US 11,928,584 B2
Distributed hyperparameter tuning and load balancing for mathematical models
Bradford William Powley, Palo Alto, CA (US); Noah Burbank, Palo Alto, CA (US); and Rowan Cassius, San Francisco, CA (US)
Assigned to Salesforce, Inc., San Francisco, CA (US)
Filed by salesforce.com, inc., San Francisco, CA (US)
Filed on Jan. 31, 2020, as Appl. No. 16/778,587.
Prior Publication US 2021/0241164 A1, Aug. 5, 2021
Int. Cl. G06N 3/08 (2023.01); H04L 67/1001 (2022.01)

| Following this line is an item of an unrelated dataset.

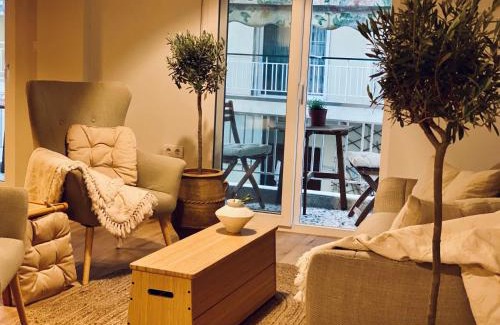 Kavala Apartment | Amelia`s Unplugged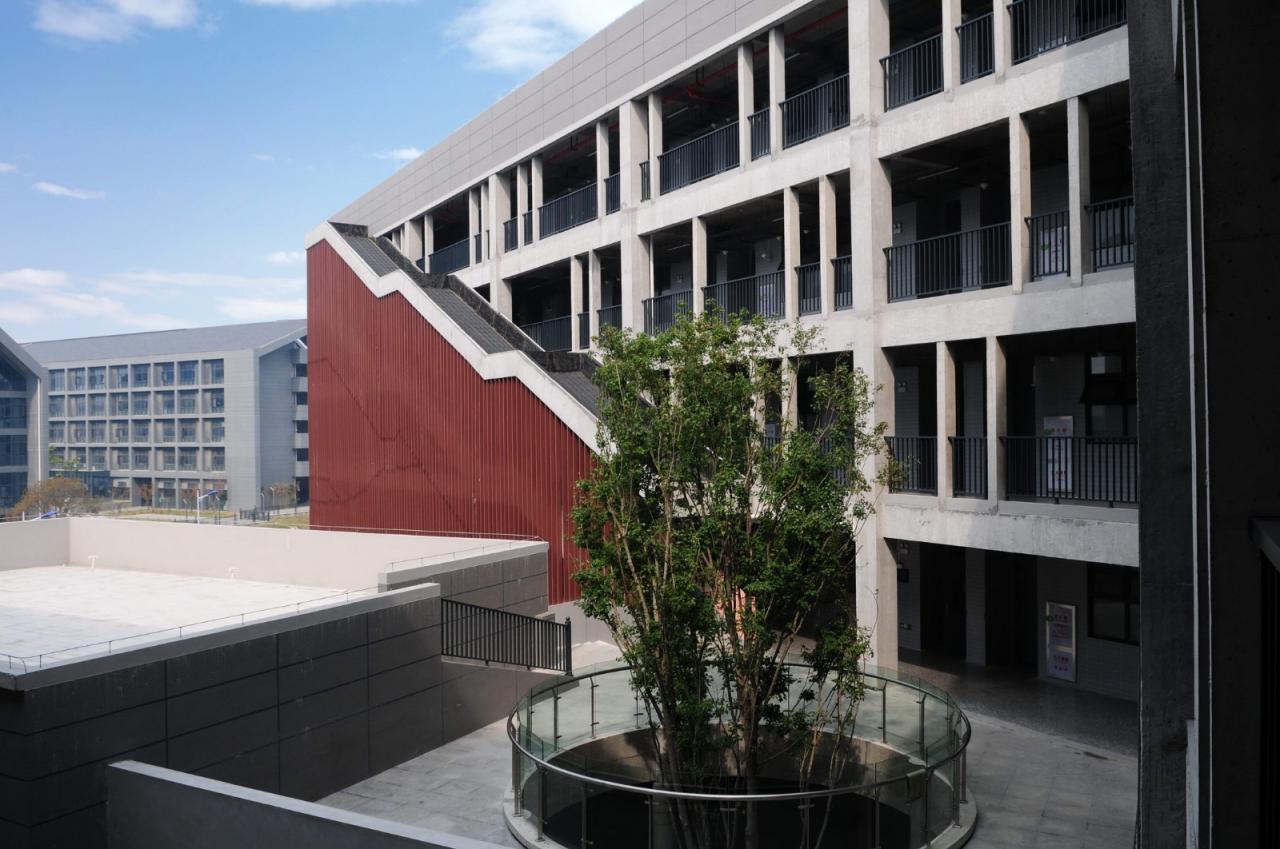 BIM建筑|行山乐水书自华：长江艺术工程职业学院3#教学实训楼 / 湖北建艺风工程设计有限公司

CPC G06N 3/08 (2013.01) [H04L 67/1001 (2022.05)] 20 Claims
OG exemplary drawing
 
1. A method for training a mathematical model associated with a plurality of hyperparameter values via a serial process, comprising:
generating a first plurality of combinations of hyperparameter values from the plurality of hyperparameter values associated with training the mathematical model;
identifying a subset of combinations of hyperparameter values from the first plurality of combinations of hyperparameter values, wherein one or more combinations of hyperparameter values of the subset of combinations of hyperparameter values are associated with a computational runtime that exceeds a first threshold that is a computational runtime threshold associated with a computational runtime value;
distributing combinations of hyperparameter values from the subset of combinations of hyperparameter values to be executed on a plurality of machines such that each machine of the plurality of machines is assigned a number combinations of hyperparameter values from of the subset of combinations of hyperparameter values that is less than a second threshold, wherein the second threshold is a threshold number of combinations of hyperparameter values from the subset of combinations of hyperparameter values;
testing each of the first plurality of combinations of hyperparameter values against the mathematical model using the plurality of machines in a parallel processing operation to generate a first plurality of validation error values, one or more validation error values of the first plurality of validation error values corresponding to the testing of one or more combinations of hyperparameter values of the first plurality of combinations of hyperparameter values against the mathematical model, wherein the parallel processing operation is operated in accordance with the distributed combinations of hyperparameter values from the subset of combinations of hyperparameter values, and wherein the testing of the first plurality of combinations of hyperparameter values against the mathematical model is a first part of the serial process; and
testing a second plurality of combinations of hyperparameter values against the mathematical model using an objective function, an input of the objective function being based at least in part on the first plurality of validation error values and the objective function generating a result value including combinations of hyperparameter values for training the mathematical model based at least in part on the input of the objective function, wherein the testing of the second plurality of combinations of hyperparameter values against the mathematical model is a second part of the serial process and is based at least in part on the first part of the serial process, wherein the result value is a result of the serial process such that the combinations of hyperparameter values included in the result value are associated with validation error values that are less than a validation error value threshold, and wherein the result value is generated is based at least in part on the combinations of hyperparameter values from the subset of combinations of hyperparameter values being distributed on the plurality of machines.